While cities and industries are well positioned to capture the water they’ll need to enable this growth, downstream water users such as agricultural producers, rural communities and our rivers and bays are less water secure than ever before. Avoiding these potential water shortages will require investments that transcend sectors and enable innovative tools that will work in Texas’ pro-property rights culture.
Despite these daunting challenges, Texas is uniquely positioned to grow without depleting its water resources. In fact, we are better positioned than most western states to deploy markets and innovative technology to achieve long-term water security. We have four critical factors working in our favor:
Flexible Water Rights
Texas has a favorable regulatory environment allowing water-rights holders to be compensated for trading and reallocating their water rights to help meet changing water needs, whether for fast-growing municipalities or environmental flows in rivers.
Diverse Water Resources
Following the severe drought of 2011-14, Texas has invested considerable resources to develop new water resources, including brackish groundwater, treatment and reuse of wastewater, capture/reuse of graywater and rainwater, managed aquifer recharge and desalination. We believe that all of these supply options have a role to play in enabling Texas’ growth, including under-recognized resources like onsite water. Much of future municipal water demand can be met with water that is routinely created by urban development, including stormwater and wastewater. At reasonable expense, these onsite water resources can be captured, treated and reused for onsite needs such as outdoor irrigation and toilet flushing—leaving more water in our aquifers and rivers for other users.
Advanced Science
Over the past decade, Texas has invested millions of dollars to understand the state’s water resources and the safe application of new treatment technologies for water management. Texas utilities are already using potable reuse technologies, for example, to treat wastewater for use as drinking water.
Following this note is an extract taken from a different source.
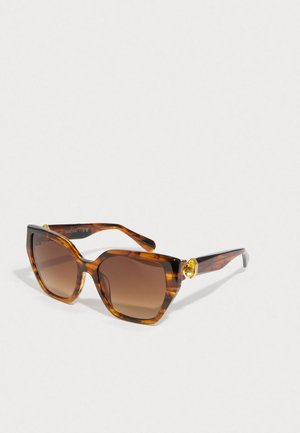 Ochelari de soare - brown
The state has also invested considerable resources into questions as diverse as how environmental flows in our rivers can be met through infrastructure operations and water rights transactions, and the connections between groundwater and surface water. Continued advancements on these topics can support development of markets capable of creating long-term water security.
Capital resources
Texas has substantial financial resources – public and private, state and federal – that could catalyze innovative water supply efforts across the state. The Texas Water Development Board, one of the best capitalized water banks in the world, manages a half-dozen funds designed to help urban and rural communities meet long-term water needs. Texas is also home to dozens of major corporations, all of them water-dependent, which want to invest in durable water solutions. Altogether, our state’s capital resources can meet the challenge of providing secure water to a growing population—no matter what the future holds.